GIVEN ENTRIES section start

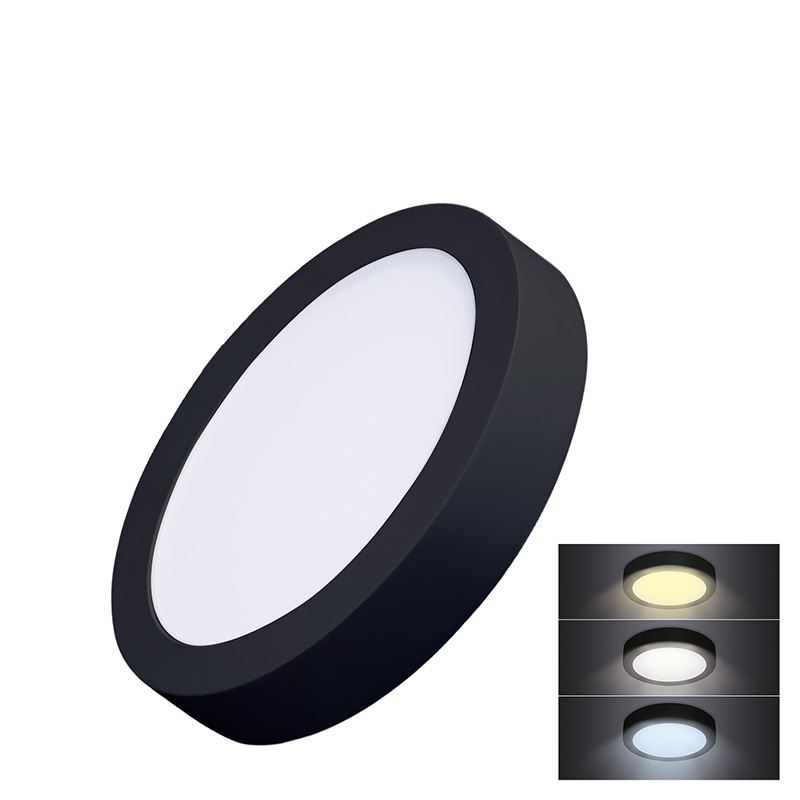 Solight LED mini panel CCT adjustable, recessed, 12W, 900lm, 3000K, 4000K, 6000K, round, black color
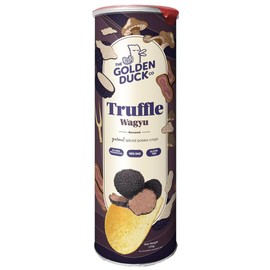 The Golden Duck Truffle Wagyu Gourmet Ridged Potato Crisps, Bold & Savory Flavor, Gluten Free, 4.9 oz Canister (Pack of 2)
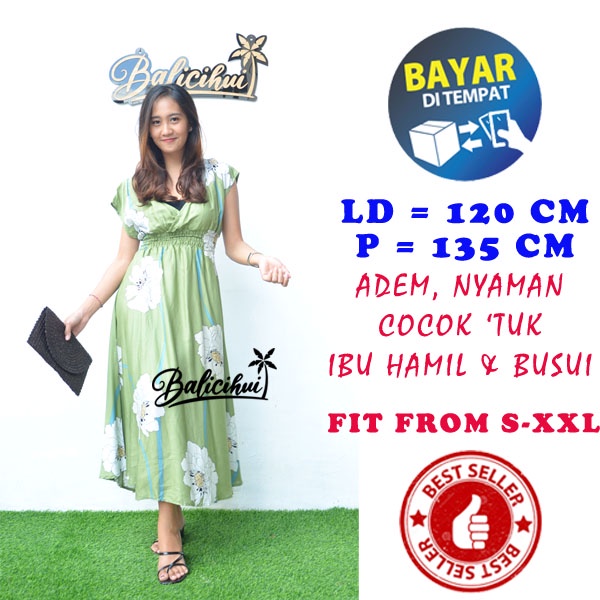 Balicihui Dress Moza Lengan Dress Busui Dress Menyusui Dress Bali Dress Kasual Elegan Nyaman Dipakai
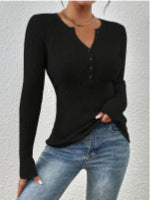 Phoebe Walker | Pink Ribbed Knit Button-Front Sweater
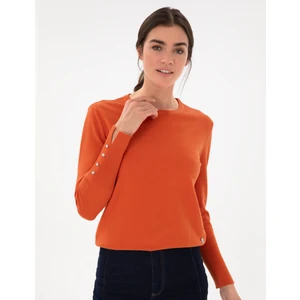 Pierre Cardin Kadın Kiremit Slim Fit Basic Kazak 50290566-VR031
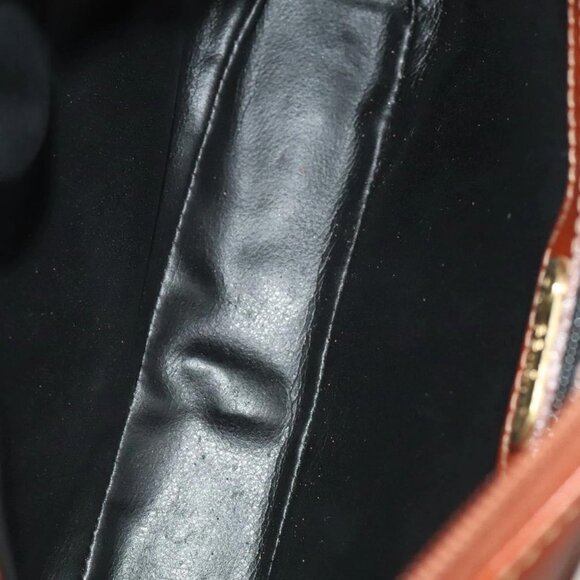 FENDI Pecan Canvas Shoulder Bag Coated Canvas Black Brown gold Auth 138323 - Picture 11 of 16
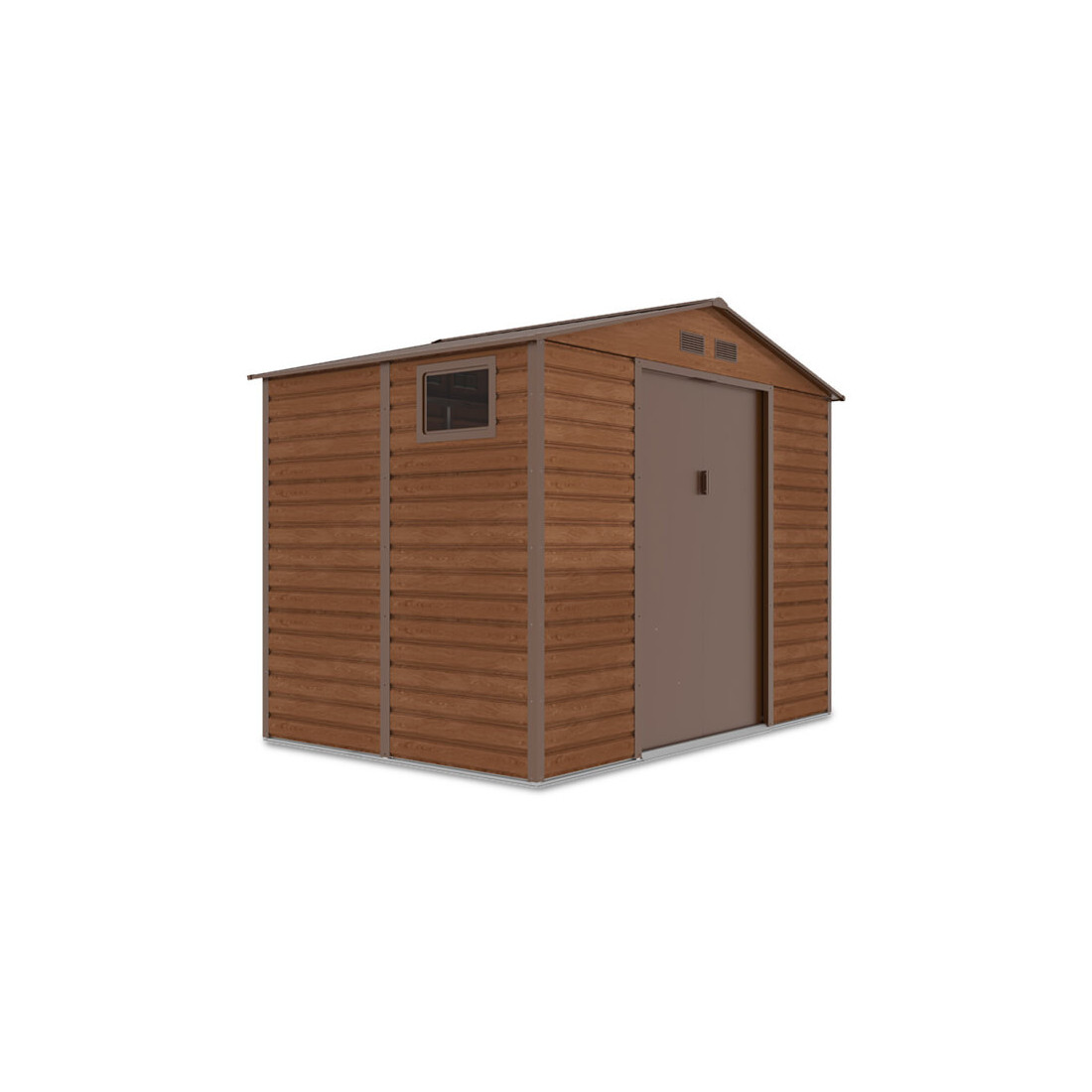 Widok na boczną ścianę z oknem domku na narzędzia MONTREAL 277x195cm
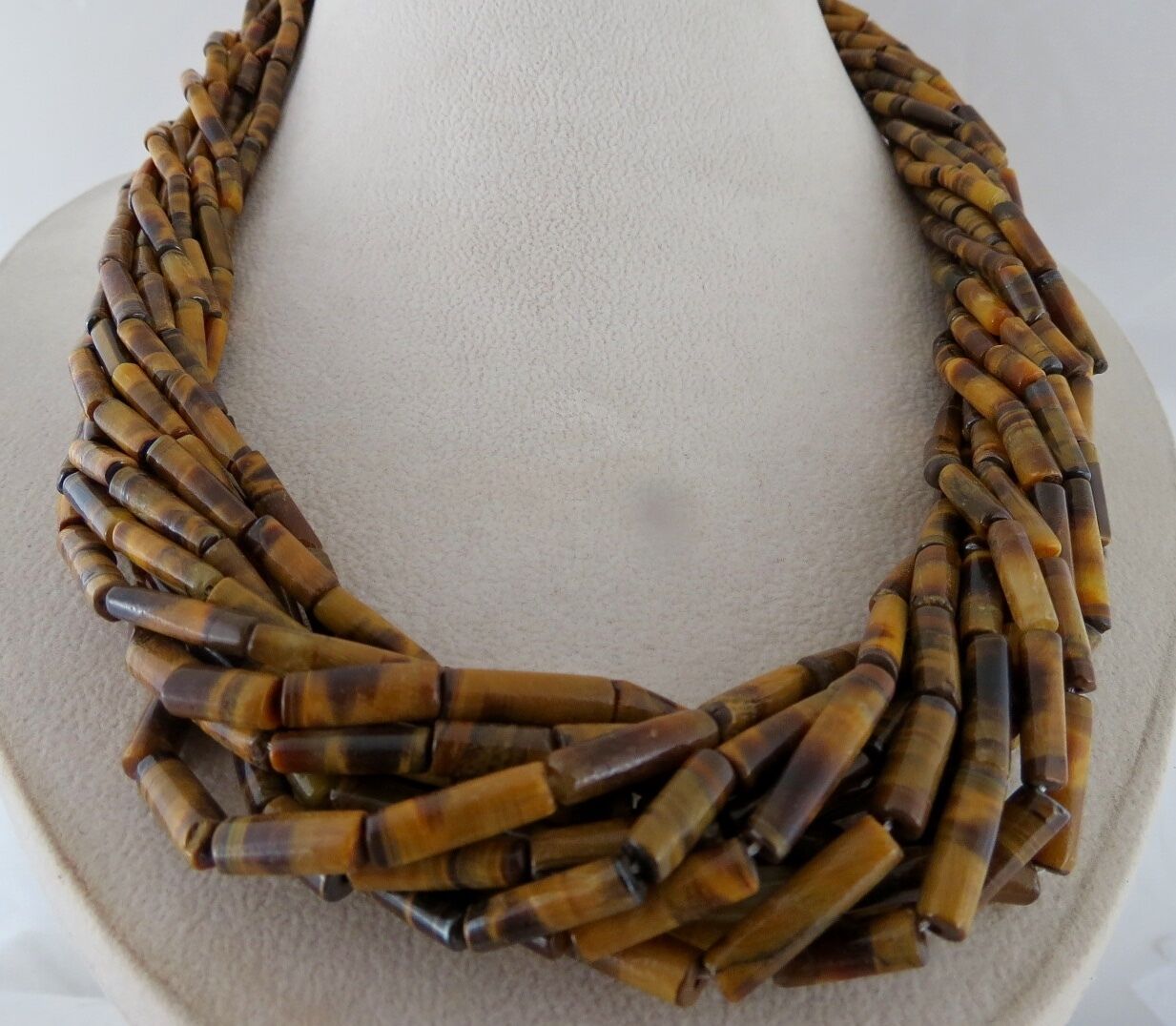 22" NATURAL TIGER'S EYE TUBE SHAPED BEADS 12 LINE 918 CARATS GEMSTONE NECKLACE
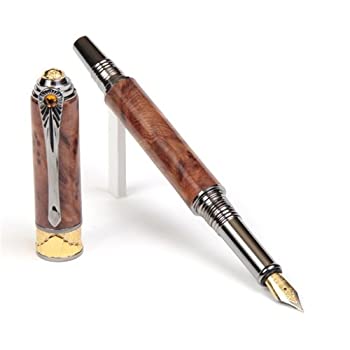 【中古】【インポート品・未当て嵌める】Art Deco筆???黒いことチタニウムand 22金???Thuya Burl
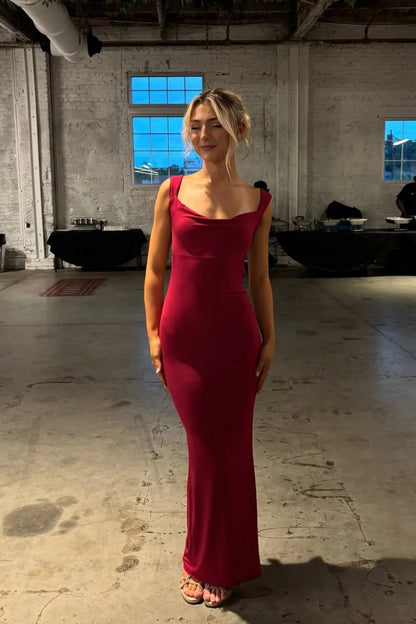 Glamorous Mermaid Cowl Neck Cap Sleeves Open Back Floor-Length Burgundy Satin Evening Dresses
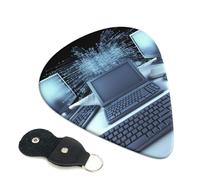 6 Pack Guitar Picks With Holder, Personalized Guitar Plectrums Non-Slip Electric Ukulele Bass Pick Computers And Internet Portable 0.96mm Guitar Accessories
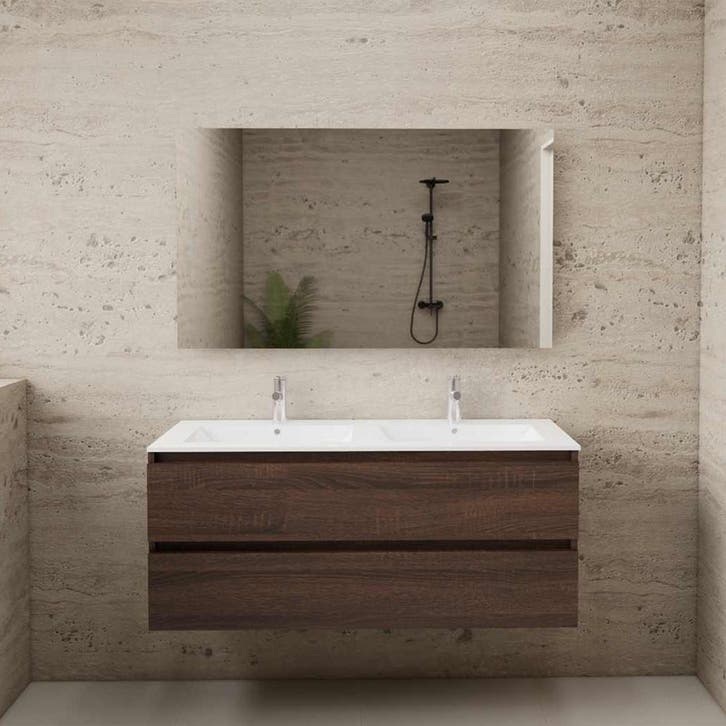 ACTIE BWS Badmeubel | Paris | Sonoma Choco 120 cm | Mat Wit, Doe-het-zelf en Bouw, Sanitair, Bad, Nieuw, Ophalen of Verzenden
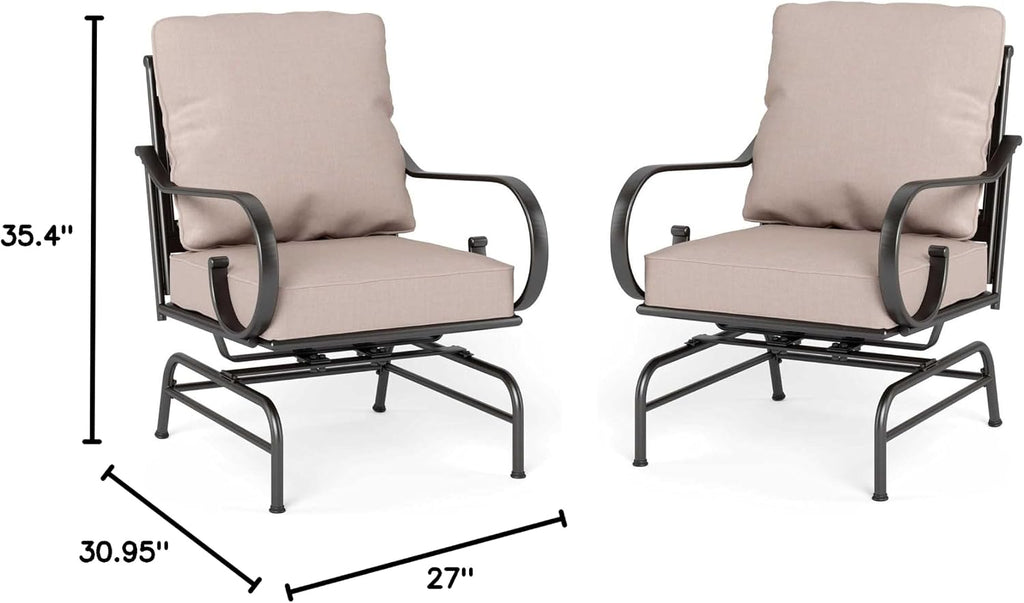 Sophia & William Extra Large & High Back Patio Furniture Set Metal Modern Outdoor Conversation Sets with Motion Chairs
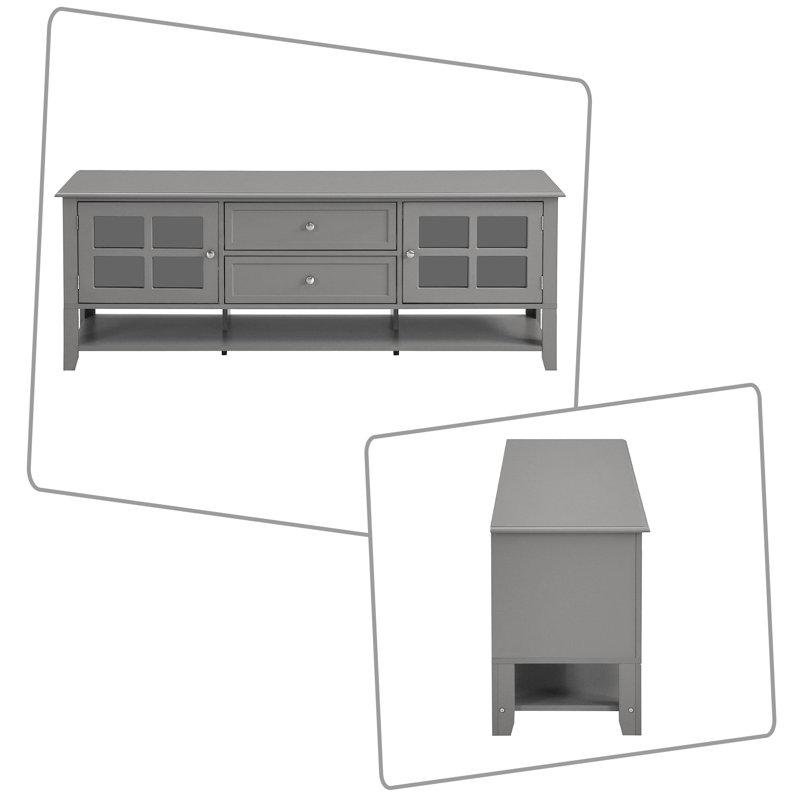 Meuble télé moderne avec portes vitrées, 2 tiroirs et tablettes de rangement, Gris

GIVEN ENTRIES section end

▸ **EXERCISE INSTRUCTIONS**
Pictures in the data above should not be copied; transcribe everything else exactly.

▸ **ANSWER SPACE**
 Solight LED mini panel CCT adjustable, recessed, 12W, 900lm, 3000K, 4000K, 6000K, round, black color
 The Golden Duck Truffle Wagyu Gourmet Ridged Potato Crisps, Bold & Savory Flavor, Gluten Free, 4.9 oz Canister (Pack of 2)
 Balicihui Dress Moza Lengan Dress Busui Dress Menyusui Dress Bali Dress Kasual Elegan Nyaman Dipakai
 Phoebe Walker | Pink Ribbed Knit Button-Front Sweater
 Pierre Cardin Kadın Kiremit Slim Fit Basic Kazak 50290566-VR031
 FENDI Pecan Canvas Shoulder Bag Coated Canvas Black Brown gold Auth 138323 - Picture 11 of 16
 Widok na boczną ścianę z oknem domku na narzędzia MONTREAL 277x195cm
 22" NATURAL TIGER'S EYE TUBE SHAPED BEADS 12 LINE 918 CARATS GEMSTONE NECKLACE
 【中古】【インポート品・未当て嵌める】Art Deco筆???黒いことチタニウムand 22金???Thuya Burl
 Glamorous Mermaid Cowl Neck Cap Sleeves Open Back Floor-Length Burgundy Satin Evening Dresses
 6 Pack Guitar Picks With Holder, Personalized Guitar Plectrums Non-Slip Electric Ukulele Bass Pick Computers And Internet Portable 0.96mm Guitar Accessories
 ACTIE BWS Badmeubel | Paris | Sonoma Choco 120 cm | Mat Wit, Doe-het-zelf en Bouw, Sanitair, Bad, Nieuw, Ophalen of Verzenden
 Sophia & William Extra Large & High Back Patio Furniture Set Metal Modern Outdoor Conversation Sets with Motion Chairs
 Meuble télé moderne avec portes vitrées, 2 tiroirs et tablettes de rangement, Gris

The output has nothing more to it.